What this task involves: Exact wording is required: give all the records again, minus the pictures.

#### Data records ####

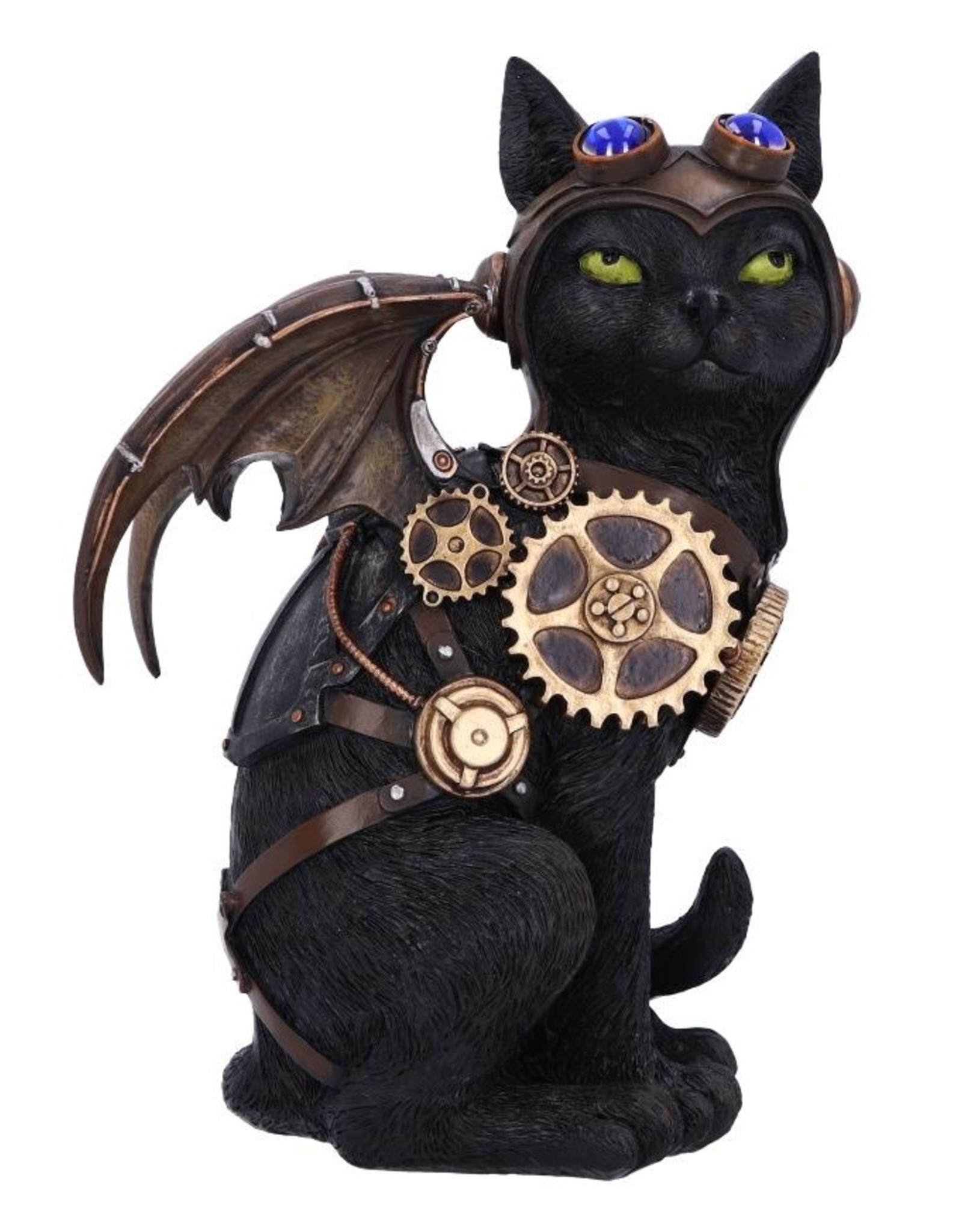 NemesisNow Giftware Beelden Collectables  - Steampunk kat Feline Flight 22.7cm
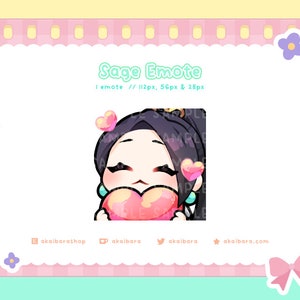Valorant Sage Love Emote | Twitch/Discord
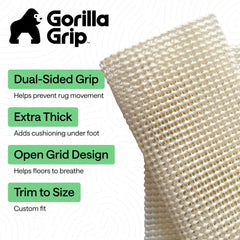 GORILLA GRIP gros plan matière antidérapante illustrant adhérence sécurisée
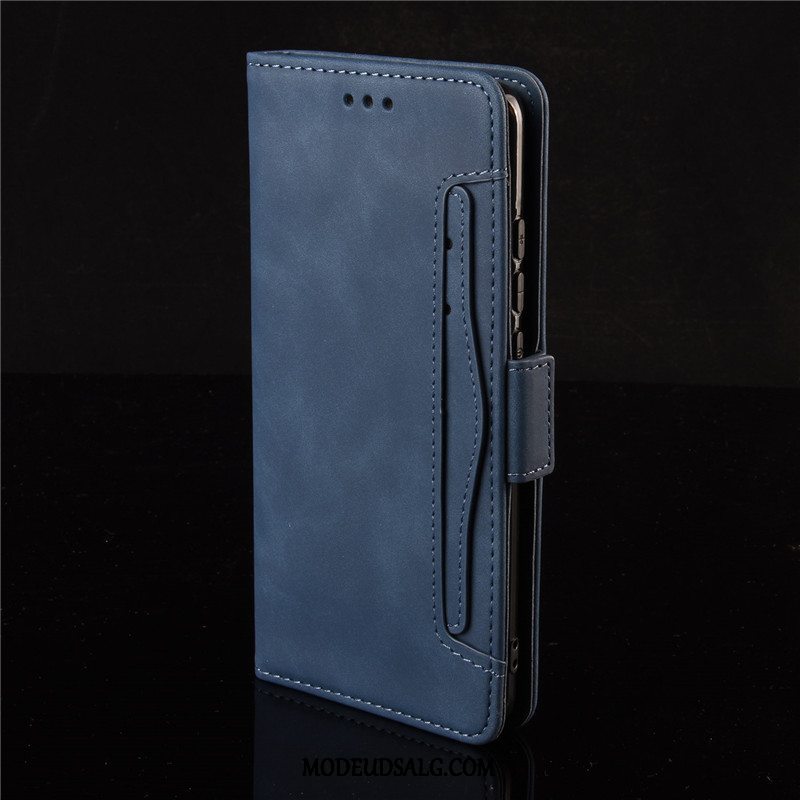 Samsung Galaxy A20s Etui Folio Brun Lædertaske Cover Tegnebog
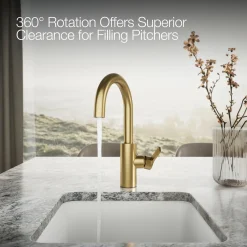 Single-handle bar sink faucet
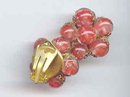 SALE Murano Glass Earrings Red and Gold Color
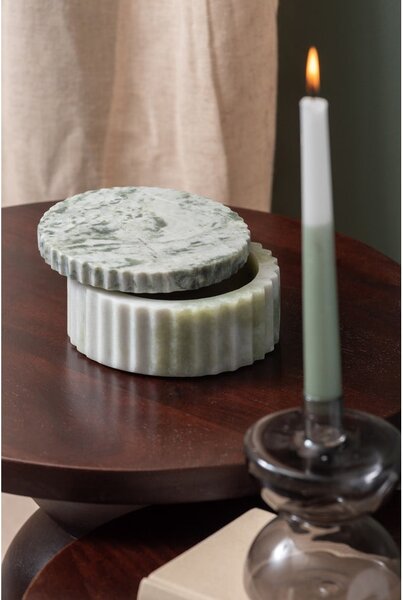 Scatola decorativa verde chiaro in pietra ø 15x6 cm Marble – PT LIVING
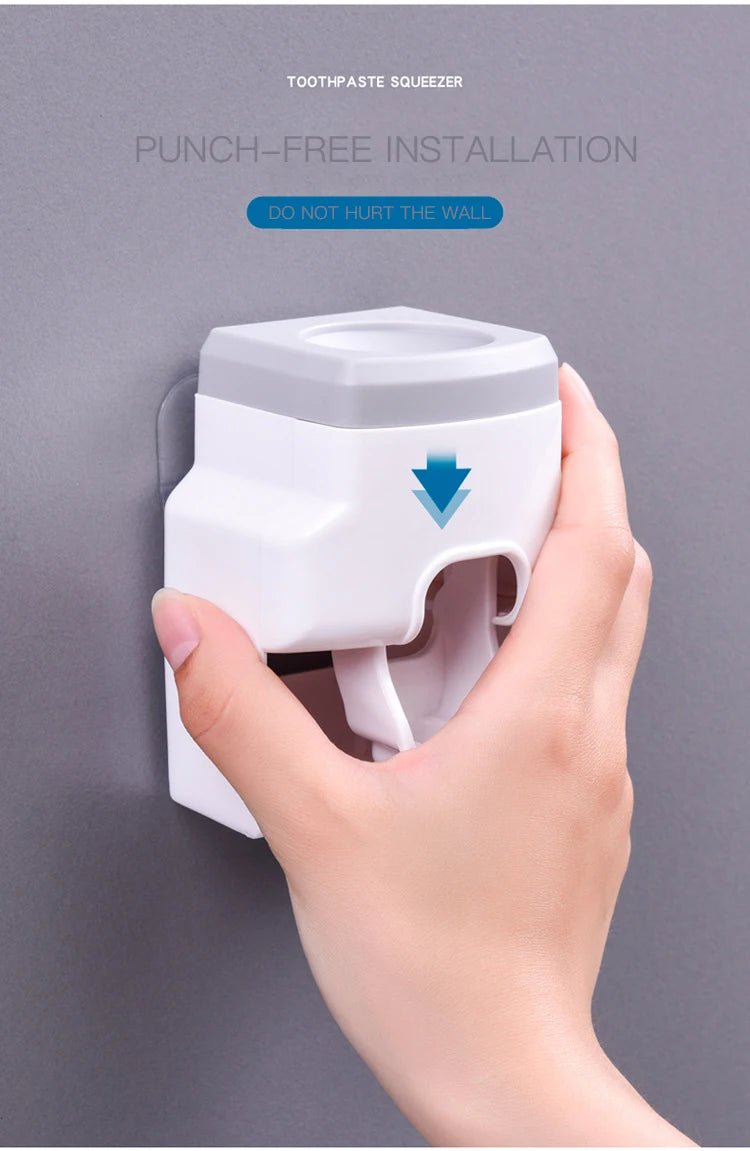 AUTOMATIC TOOTHPASTE DISPENSER & HOLDER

####

Output below:
 NemesisNow Giftware Beelden Collectables  - Steampunk kat Feline Flight 22.7cm
Valorant Sage Love Emote | Twitch/Discord
 GORILLA GRIP gros plan matière antidérapante illustrant adhérence sécurisée
 Samsung Galaxy A20s Etui Folio Brun Lædertaske Cover Tegnebog
 Single-handle bar sink faucet
 SALE Murano Glass Earrings Red and Gold Color
 Scatola decorativa verde chiaro in pietra ø 15x6 cm Marble – PT LIVING
 AUTOMATIC TOOTHPASTE DISPENSER & HOLDER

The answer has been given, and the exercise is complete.